Create a shared maker stateless function object class, like std::less, but with no template parameters itself: instead operator() perfect forwards to your template function.

Pass it instead of your function pointer.

If you need template arguments passed to it, either create a static method to it, or make the entire template class take the arguments and use them in the operator().

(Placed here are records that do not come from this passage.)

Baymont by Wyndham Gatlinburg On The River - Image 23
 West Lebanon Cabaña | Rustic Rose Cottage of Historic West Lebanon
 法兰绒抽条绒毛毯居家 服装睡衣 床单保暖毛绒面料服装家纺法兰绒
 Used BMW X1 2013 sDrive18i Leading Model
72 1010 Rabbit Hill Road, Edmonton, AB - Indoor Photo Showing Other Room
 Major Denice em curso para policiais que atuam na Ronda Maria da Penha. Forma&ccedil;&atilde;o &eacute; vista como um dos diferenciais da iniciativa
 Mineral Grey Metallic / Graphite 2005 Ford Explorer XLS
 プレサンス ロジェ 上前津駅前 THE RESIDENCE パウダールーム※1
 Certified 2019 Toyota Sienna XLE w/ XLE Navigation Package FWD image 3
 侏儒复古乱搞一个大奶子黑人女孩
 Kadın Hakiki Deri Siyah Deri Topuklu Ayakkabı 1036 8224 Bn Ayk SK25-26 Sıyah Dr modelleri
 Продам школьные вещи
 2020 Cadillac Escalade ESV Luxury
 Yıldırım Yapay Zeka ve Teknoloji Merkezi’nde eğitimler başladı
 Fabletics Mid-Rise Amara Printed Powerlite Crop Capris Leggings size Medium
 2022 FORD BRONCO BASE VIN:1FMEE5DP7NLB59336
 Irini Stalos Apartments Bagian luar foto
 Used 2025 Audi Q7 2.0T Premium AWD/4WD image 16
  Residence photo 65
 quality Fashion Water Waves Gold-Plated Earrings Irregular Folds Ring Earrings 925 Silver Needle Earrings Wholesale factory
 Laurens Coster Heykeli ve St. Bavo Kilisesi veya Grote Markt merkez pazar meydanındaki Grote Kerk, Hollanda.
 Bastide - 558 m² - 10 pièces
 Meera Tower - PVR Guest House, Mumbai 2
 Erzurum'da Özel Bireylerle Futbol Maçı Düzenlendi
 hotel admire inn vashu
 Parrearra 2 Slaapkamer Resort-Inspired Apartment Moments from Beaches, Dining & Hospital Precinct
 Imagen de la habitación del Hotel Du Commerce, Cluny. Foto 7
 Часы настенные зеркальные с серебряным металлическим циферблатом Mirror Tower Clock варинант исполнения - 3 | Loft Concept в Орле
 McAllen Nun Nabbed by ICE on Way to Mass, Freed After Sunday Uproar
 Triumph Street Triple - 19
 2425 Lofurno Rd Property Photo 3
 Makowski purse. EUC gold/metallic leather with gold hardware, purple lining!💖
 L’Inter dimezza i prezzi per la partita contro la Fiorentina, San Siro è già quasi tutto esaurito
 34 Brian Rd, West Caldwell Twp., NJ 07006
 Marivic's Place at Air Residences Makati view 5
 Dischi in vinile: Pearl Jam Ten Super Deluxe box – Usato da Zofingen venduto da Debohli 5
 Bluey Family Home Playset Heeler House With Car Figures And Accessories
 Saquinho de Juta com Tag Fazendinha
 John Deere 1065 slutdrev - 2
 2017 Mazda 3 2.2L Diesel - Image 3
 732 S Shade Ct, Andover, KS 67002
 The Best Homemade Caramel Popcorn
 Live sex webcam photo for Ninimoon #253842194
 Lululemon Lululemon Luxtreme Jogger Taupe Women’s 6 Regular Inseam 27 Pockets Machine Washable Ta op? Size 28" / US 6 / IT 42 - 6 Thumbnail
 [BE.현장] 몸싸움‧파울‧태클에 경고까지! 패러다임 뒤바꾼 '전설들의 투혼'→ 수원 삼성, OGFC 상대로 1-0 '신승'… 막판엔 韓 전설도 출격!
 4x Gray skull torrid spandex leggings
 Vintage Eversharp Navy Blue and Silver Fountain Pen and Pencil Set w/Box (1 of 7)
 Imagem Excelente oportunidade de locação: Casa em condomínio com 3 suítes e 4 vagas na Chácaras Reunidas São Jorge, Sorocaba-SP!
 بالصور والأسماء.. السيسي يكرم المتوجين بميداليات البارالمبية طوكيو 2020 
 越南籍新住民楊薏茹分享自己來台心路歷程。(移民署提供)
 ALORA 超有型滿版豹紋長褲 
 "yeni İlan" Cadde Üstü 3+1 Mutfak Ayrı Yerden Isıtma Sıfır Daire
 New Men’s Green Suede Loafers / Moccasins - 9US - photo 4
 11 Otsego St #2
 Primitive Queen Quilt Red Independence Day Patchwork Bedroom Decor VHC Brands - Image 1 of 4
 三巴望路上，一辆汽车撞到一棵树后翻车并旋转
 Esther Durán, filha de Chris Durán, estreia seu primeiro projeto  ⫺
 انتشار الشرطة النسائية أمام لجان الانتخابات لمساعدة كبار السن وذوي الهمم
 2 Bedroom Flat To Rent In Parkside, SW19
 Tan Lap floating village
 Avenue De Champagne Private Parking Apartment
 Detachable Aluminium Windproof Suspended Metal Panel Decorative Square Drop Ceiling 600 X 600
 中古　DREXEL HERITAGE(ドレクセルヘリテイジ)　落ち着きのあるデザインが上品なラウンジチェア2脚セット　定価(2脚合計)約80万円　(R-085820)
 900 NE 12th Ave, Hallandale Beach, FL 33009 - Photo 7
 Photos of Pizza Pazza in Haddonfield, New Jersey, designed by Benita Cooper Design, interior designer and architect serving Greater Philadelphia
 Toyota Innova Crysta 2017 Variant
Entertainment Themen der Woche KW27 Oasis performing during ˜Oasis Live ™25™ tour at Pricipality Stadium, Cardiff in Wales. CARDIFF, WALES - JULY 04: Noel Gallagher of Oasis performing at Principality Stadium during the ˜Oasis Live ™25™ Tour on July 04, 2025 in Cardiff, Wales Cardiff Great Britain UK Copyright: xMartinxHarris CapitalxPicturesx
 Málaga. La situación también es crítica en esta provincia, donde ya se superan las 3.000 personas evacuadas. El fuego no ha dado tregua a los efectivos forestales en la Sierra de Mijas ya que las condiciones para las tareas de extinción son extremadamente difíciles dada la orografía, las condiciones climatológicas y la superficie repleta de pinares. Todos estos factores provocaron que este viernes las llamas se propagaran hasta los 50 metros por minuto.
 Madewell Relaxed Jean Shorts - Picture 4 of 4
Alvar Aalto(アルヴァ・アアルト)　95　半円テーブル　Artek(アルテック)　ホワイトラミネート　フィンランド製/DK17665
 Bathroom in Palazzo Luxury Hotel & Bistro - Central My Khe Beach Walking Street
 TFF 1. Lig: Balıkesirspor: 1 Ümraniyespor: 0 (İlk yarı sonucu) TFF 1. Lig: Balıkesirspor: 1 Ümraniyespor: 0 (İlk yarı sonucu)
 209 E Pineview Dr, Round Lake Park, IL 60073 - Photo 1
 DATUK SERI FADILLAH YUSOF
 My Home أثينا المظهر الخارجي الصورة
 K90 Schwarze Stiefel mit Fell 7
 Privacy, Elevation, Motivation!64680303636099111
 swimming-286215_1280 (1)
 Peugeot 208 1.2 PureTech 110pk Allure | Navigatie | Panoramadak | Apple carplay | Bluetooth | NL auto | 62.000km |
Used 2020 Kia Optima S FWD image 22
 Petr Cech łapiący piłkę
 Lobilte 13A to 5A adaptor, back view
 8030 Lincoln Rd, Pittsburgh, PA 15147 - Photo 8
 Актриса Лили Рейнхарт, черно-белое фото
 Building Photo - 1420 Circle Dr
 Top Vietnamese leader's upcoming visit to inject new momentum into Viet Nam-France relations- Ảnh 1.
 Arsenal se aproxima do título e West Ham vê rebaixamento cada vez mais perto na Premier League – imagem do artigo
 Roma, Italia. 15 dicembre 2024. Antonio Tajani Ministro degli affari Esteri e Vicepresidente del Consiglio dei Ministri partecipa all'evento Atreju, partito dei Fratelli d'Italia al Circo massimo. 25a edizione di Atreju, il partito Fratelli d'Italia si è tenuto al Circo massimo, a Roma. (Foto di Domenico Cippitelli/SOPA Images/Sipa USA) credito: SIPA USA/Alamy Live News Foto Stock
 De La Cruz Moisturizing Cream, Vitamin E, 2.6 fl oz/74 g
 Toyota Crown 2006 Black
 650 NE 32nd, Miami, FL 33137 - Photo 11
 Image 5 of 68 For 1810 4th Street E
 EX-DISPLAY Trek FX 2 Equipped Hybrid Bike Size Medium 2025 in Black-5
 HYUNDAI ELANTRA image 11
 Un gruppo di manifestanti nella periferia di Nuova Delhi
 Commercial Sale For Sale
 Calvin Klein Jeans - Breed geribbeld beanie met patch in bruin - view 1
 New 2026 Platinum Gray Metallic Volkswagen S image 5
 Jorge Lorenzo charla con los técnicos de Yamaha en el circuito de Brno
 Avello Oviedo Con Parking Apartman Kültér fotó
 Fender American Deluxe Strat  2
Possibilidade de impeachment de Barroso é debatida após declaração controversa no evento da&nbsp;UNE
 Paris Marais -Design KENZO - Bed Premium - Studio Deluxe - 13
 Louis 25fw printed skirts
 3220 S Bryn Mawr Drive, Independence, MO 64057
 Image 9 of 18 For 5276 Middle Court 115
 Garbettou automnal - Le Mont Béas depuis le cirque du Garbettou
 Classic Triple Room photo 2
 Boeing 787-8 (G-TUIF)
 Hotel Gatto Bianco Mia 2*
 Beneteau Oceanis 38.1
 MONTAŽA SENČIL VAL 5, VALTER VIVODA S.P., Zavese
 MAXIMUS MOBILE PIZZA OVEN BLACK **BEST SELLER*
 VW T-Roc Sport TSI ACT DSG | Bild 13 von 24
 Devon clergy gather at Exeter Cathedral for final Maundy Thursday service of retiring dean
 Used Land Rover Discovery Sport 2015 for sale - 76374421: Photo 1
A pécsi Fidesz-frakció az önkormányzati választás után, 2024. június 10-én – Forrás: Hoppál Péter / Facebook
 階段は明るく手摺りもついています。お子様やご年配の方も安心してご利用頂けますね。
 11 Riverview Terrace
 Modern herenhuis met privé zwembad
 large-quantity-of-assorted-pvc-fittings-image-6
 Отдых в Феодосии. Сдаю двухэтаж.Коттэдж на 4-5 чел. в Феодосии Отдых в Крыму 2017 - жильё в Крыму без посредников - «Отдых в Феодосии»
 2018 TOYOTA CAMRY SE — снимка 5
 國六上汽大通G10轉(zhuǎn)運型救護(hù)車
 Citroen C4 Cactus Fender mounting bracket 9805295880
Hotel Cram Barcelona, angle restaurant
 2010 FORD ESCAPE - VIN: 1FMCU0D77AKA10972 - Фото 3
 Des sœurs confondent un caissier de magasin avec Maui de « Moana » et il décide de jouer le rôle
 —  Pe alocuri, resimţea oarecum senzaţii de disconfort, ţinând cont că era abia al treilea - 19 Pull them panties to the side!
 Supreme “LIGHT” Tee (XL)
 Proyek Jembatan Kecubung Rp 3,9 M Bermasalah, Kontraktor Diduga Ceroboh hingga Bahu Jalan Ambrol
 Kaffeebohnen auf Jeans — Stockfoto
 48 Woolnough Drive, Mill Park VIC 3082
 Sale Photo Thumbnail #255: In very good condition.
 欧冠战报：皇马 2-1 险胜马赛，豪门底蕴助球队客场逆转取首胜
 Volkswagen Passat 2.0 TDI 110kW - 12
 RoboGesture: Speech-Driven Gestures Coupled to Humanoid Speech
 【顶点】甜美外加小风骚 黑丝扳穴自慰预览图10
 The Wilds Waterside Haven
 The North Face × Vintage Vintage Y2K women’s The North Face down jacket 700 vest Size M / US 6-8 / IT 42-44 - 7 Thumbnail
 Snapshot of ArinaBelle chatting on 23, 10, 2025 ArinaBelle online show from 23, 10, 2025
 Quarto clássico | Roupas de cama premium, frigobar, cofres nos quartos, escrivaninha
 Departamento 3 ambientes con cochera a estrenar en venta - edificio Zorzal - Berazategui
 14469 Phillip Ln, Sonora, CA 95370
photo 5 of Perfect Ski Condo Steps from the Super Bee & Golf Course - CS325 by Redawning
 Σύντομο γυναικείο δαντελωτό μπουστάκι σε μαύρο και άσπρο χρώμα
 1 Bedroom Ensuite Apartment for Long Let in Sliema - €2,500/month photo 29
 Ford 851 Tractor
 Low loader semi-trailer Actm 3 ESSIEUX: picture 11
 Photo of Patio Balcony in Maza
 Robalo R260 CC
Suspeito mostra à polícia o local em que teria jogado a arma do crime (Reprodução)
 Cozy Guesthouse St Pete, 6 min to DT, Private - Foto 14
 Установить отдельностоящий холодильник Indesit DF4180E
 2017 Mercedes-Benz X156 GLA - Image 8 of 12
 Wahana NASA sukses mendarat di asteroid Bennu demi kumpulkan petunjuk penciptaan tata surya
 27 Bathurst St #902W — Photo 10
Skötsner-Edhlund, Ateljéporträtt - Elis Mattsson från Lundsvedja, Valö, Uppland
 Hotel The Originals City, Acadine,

Here is an example of late-bound template arguments (live example):

#include <iostream>

// test stubs:
template<typename... Ts>
using UPtr = int;
template<typename... Ts>
using SPtr = double;

template<typename T, typename...TA>
UPtr<T,TA...> makeUniquePtr() {
  std::cout << "makeUniquePtr\n";
  return {};
}
template<typename T, typename...TA>
SPtr<T,TA...> makeSharedPtr() {
  std::cout << "makeSharedPtr\n";
  return {};
}

// perfect forwarding make static functions passed by class name:
struct unique_ptr_maker {
  template<typename T, typename...TA, typename...Args>
  static UPtr<T, TA...> make(Args&&...args) {
    return makeUniquePtr<T, TA...>( std::forward<Args>(args)... );
  }
};
struct shared_ptr_maker {
  template<typename T, typename...TA, typename...Args>
  static SPtr<T, TA...> make(Args&&...args) {
    return makeSharedPtr<T, TA...>( std::forward<Args>(args)... );
  }
};

// your `func`.  It can take args or whatever:    
template<typename maker, class T, class... TA> void func() {
  std::cout << "func\n";
  maker::template make<T, TA...>();
}

// a sample of implementation 1 and 2:
template<class T, class... TA> void implementation1()
{
  func<unique_ptr_maker, T, TA...>();
}
template<class T, class... TA> void implementation2()
{
  func<shared_ptr_maker, T, TA...>();
}
// and, to test, always instantiate:
int main() {
  implementation1<int, double>();
  implementation2<int, char>();
  return 0;
}

with much of the functionality stubbed out, as you did not detail what it was supposed to do in your question.

Answer 2

Making a few assumptions on intended use from your names, I would try something like this:

template<class T>
struct makeUniquePtr {
    template<class... TA>
    Uptr<T, TA> operator()(TA&&...) const { /*...*/ }
};

template<class T>
struct makeSharedPtr {
    template<class... TA>
    Sptr<T, TA> operator()(TA&&...) const { /*...*/ }
};

template<class F> void func(/*...*/) { /*...*/ }

template<class T, class... TA> void implementation1(/*...*/)
{
    func<makeUniquePtr<T>>(/*...*/);
}

template<class T, class... TA> void implementation2(/*...*/)
{
    func<makeSharedPtr<T>>(/*...*/);
}

Unlike Yakk's solution, here parameters TA... are automatically deduced, as is the case for std::make_unique etc.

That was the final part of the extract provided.